Ordunun üst düzey komutanları, öğle saatlerinde yaptıkları açıklamayla şok etkisi yarattı. "Artık yeter!" diyordu bir general, kameralar karşısında. Ülke yönetiminin tamamen orduya geçtiğini, anayasal düzenin askıya alındığını duyuruyorlardı. Sanki bir film sahnesi gibiydi her şey, ama ne yazık ki gerçekti.
Krizin Arka Planı Ne?
Aslında bu gelişme bir sürpriz sayılmazdı. Son haftalarda siyasi gerilim giderek tırmanıyordu. Hükümet ile muhalefet arasındaki pazarlıklar çıkmaza girmiş, sokak protestoları şiddetlenmişti. Ordunun sabrı taşmıştı anlaşılan.
Yerel bir gazeteci telefonla anlatıyordu: "Sokaklar asker kaynıyor. İnsanlar panik içinde evlerine kapandı. Sosyal medyada kesintiler var. Durum çok ciddi."
Uluslararası Tepkiler Bekleniyor
Afrika Birliği'nin şimdiden olağanüstü toplantı çağrısı yaptığı söyleniyor. Birleşmiş Milletler ise durumu yakından izlediğini açıkladı. Batılı ülkelerden henüz resmi açıklama gelmese de, diplomatik kaynaklar endişeli olduklarını belirtiyor.

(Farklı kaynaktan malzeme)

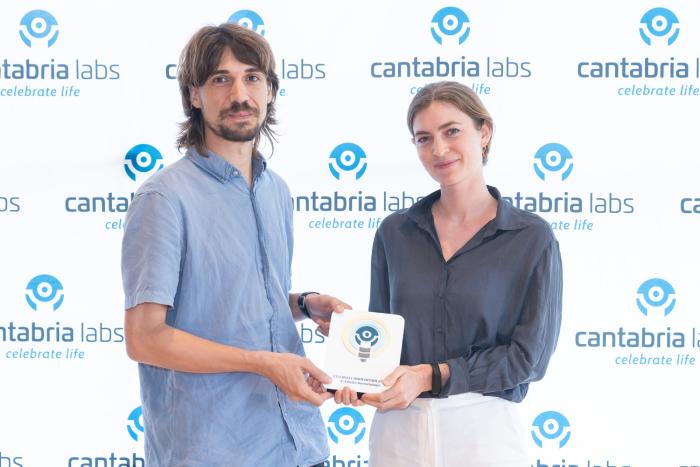 Marc Güell y Nastassia Johanna, del proyecto "Synflora" de la Universidad Pompeu Fabra (Barcelona)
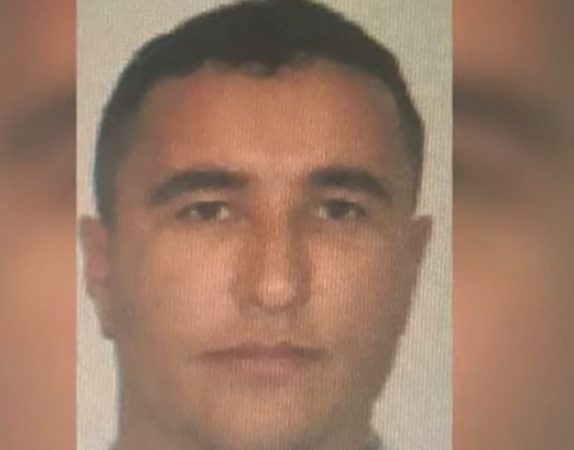 Dumani nxjerr emrin e Arben Lazes: Tek magazina e tij u fshehën makina e vrasësit e Emiljano Ramazanit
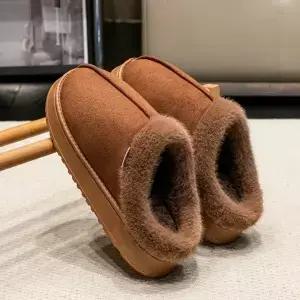 두꺼운 밑창이 있는 푹신한 남성용 슬리퍼 실내 미끄럼 방지 및 보온 커플용 모피 안감 겨울 신상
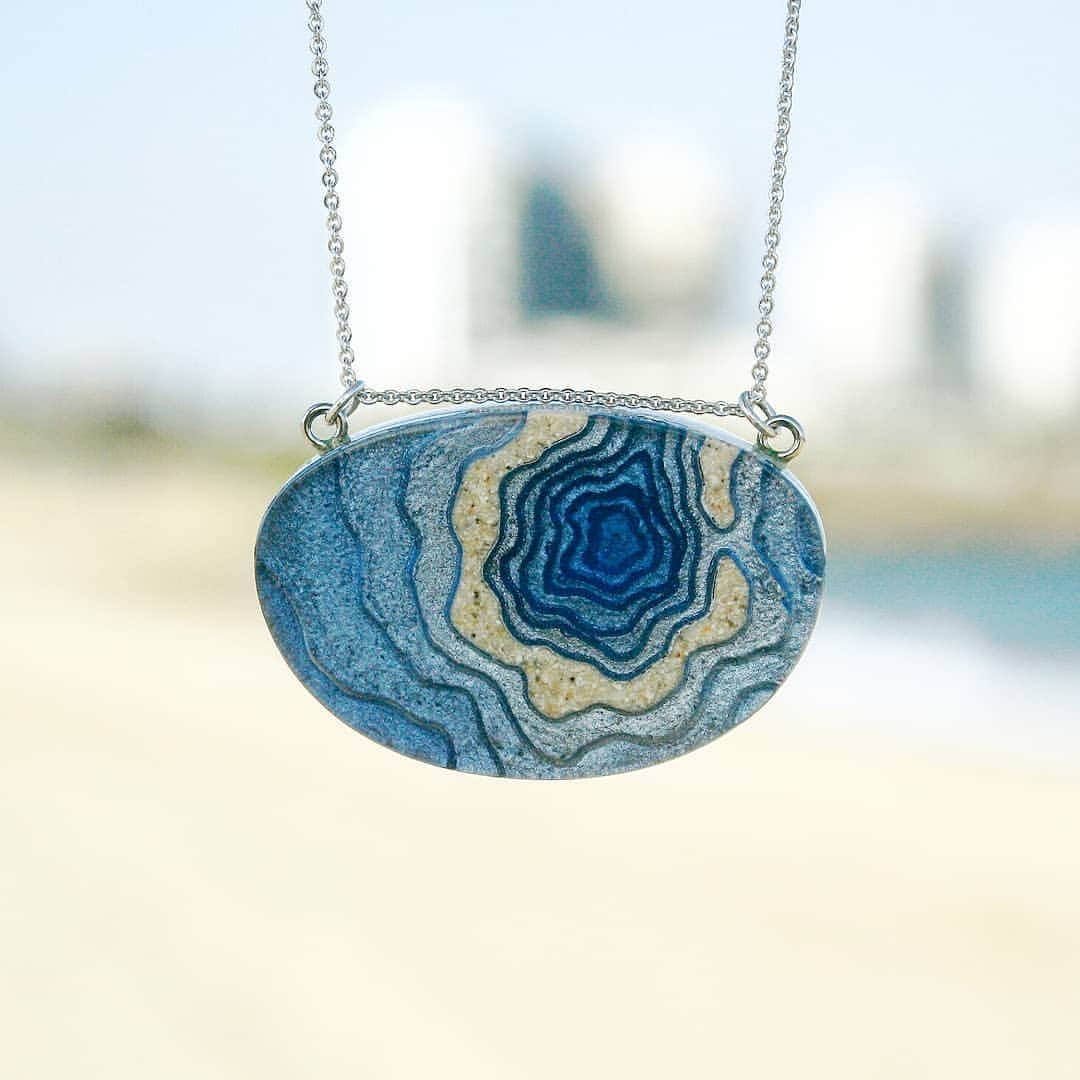 Britta Boeckmannのインスタグラム：「I am super excited to announce that we just released 13 new Aqua designs on boldb.com.au 🌊🌊🌊 Each design represents an unique ocean landscape. 💦💦💦 This is the Atoll pendant. An Atoll is a ring-shaped reef, island, or chain of islands formed of coral. 🐚🐚🐚 #boldb #aqua #ocean #jewellery #jewelry #pendant #necklace #atoll #beach #beachy #beachsand #island #ocean #melbourne #melbournedesign #australia」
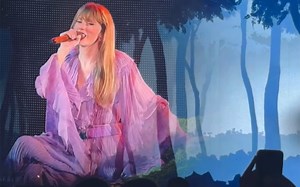 【Taylor Swift】“The Eras Tour”时代巡演“invisible string”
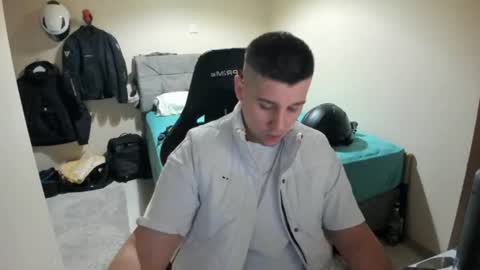 Snapshot of ulxer chatting on 06-18-26, 04:22 hi im mike tyson - online show from 06-18-26, 04:22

Madagaskar, tarihinde benzer askeri müdahaleler görmüş bir ülke. 2009'da yaşanan darbe hala hafızalarda taze. Umarım bu sefer durum farklı gelişir.
Sokağa çıkma yasağı ilan edildiği söylentisi dolaşıyor, ama resmi teyit gelmedi henüz. Havalimanının askeri kontrol altında olduğu ise kesin gibi. Turistler için de zor günler bekliyor anlaşılan.
Bu gece Madagaskar'da kimse rahat uyuyamayacak. Askeri yönetimin ne kadar süreceği, sivil yönetime ne zaman dönüleceği ise herkesin kafasındaki soru işareti. Afrika'nın bu büyüleyici adasının geleceği, şu an askeri üniformalıların elinde.